Page 13 of Of Sword & Silver

I grin.

“It really was good of you to break me out,” I continue in his voice. “Oh, don’t even mention it,” I reply to myself. “Not a big deal at all. I think we’re going to be the best of friends.”

He stops, his shoulders heaving.

“Do you ever shut up?” He rounds on me, something dark moving through those blue eyes. Power rolls from him in a wave, and I grit my teeth, more annoyed than scared. Well, both, really, but I am not about to let him know that.

And when I’m annoyed, I make everyone annoyed. It has nothing to do with being a silver tongue, but it’s just as much a part of me.

“Now I’m not going to.” I raise my eyebrows in a challenge. “Ever.”

“You want me to make you close that mouth?” he asks, stalking closer.

“You wish you could,” I say, my words turning to clouds in front of me.

Visible temper is a cold flare in his gaze, and tendons stand out on his neck as he regards me. “You would use your… gifts to stop me.”

There’s no doubt in my mind as to exactly what he thinks of my “gifts.”

I smile at him, and it’s not the pretty one I save for when I need to get my way. It’s a fucking challenge.

“You swore an oath to me.” His voice is barely audible, but I feel the impact of those words in my very bones.

“You swore an oath to me.” I lift my chin, daring him to get closer. To see just who will win this little contest of wills.

“I shouldn’t have.” He doesn’t move closer, just stares, all that power still pouring from him.

“Good thing you don’t scare me,” I lie, then bat my eyelashes for good measure, pretty sure it’s going to piss him off even more, but unable to stop myself from pushing him just a bit further.

When I was growing up in Sola’s temple, Celia—the only tolerable disciple who tended to us orphans—often told me that acting like a feral kitten might help sharpen my claws, but it wouldn’t keep curiosity from killing me just the same.

Fairly accurate.

“You must be a fool, then, to not be afraid of me.” Cold contempt blazes in his gaze, and I hold back a shiver out of pure stubbornness. “Do you know why I was there? Why they locked me up in that prison? Why I deserved it?”

I do, of course I do, but before I can say anything, he answers for me.

“I am a murderer. I murdered dozens upon dozens of your fellow worshippers before they were able to lock me up. Because I wanted to watch them die. Slowly. Painfully. The way they fucking deserved, with no one there to help them.” His voice catches on the last word, and before I can think of an appropriately saucy retort, he’s turned again, plowing back up the hill, barefoot in his thin prison pants and tattered shirt.

“Charming,” I manage.

Something cold and wet lands on my nose, and I squint up at the blanketed night sky only to be rewarded by more snow landing on my cheekbones and forehead.

Snow is good. Snow means they’ll have a harder time tracking us up the Hiirek Mountains. Snow also means we’re in for a very cold night.

Squaring my shoulders, I follow behind the Sword, sizing him up.

His shoulders are twice as broad as mine, and while he’s lean bordering on thin, likely from being chained in prison for a decade, there’s no doubt that his physique speaks of a lifetime of handling heavy weapons, a lifetime of war and ruin.

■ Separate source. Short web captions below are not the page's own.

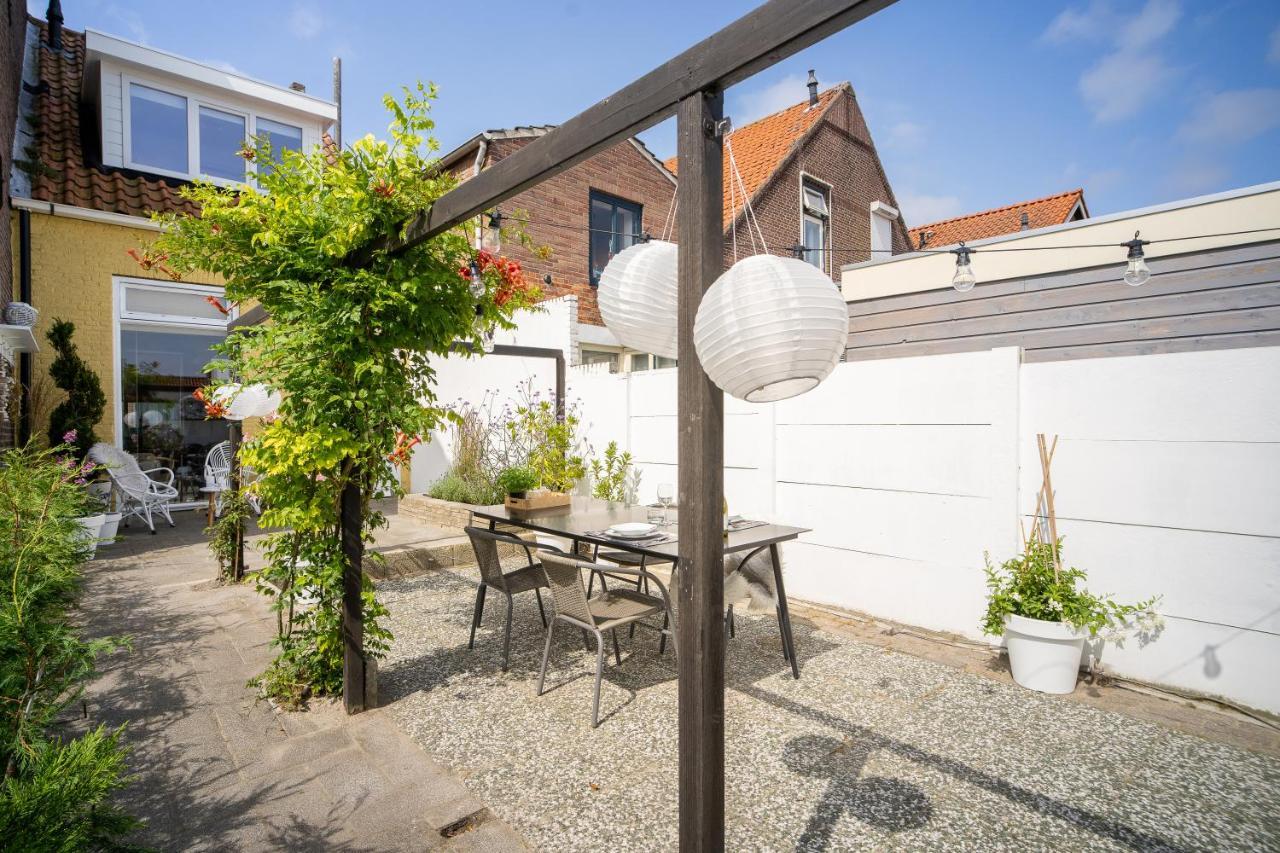 Vakantiehuis New Zeeland Scherpenisse Eksteriør bilde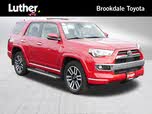 Toyota 4Runner Limited 4WD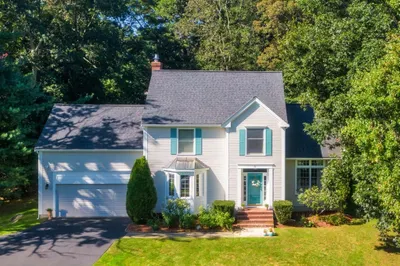 32 Darlene Drive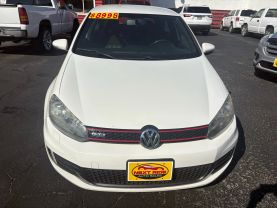 2013 VOLKSWAGEN GTI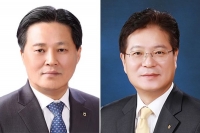  농협금융, 저축은행·리츠운용 대표에 최광수·서철수 최종 추천
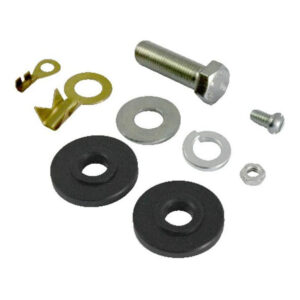 Kit Montagem para Antena Rádio PX Caminhão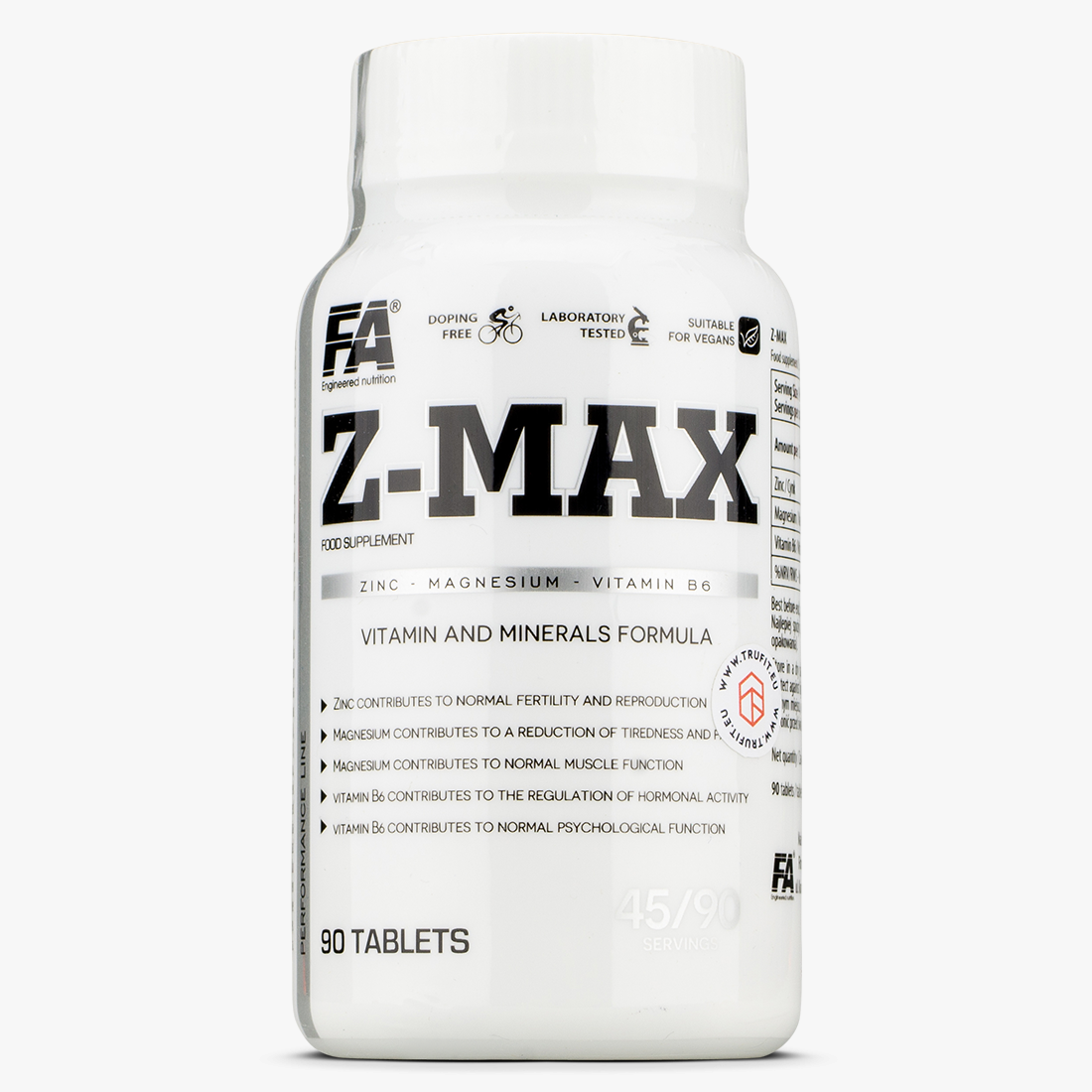 fa-nutrition-z-max-90caps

He’ll need a lot of food to get back in real fighting shape, much more than I do.

“Do you even know where you’re going?” I sing out to him, like he didn’t just threaten to shut me up permanently. Why give him the satisfaction? “Or do you prefer wandering aimlessly through the woods while it begins to snow?”

“You left a trail a blind dog could follow.”

“Considering most dogs use their noses more than their eyes, I’ll take that as a compliment.”

“It was not a compliment,” he mutters.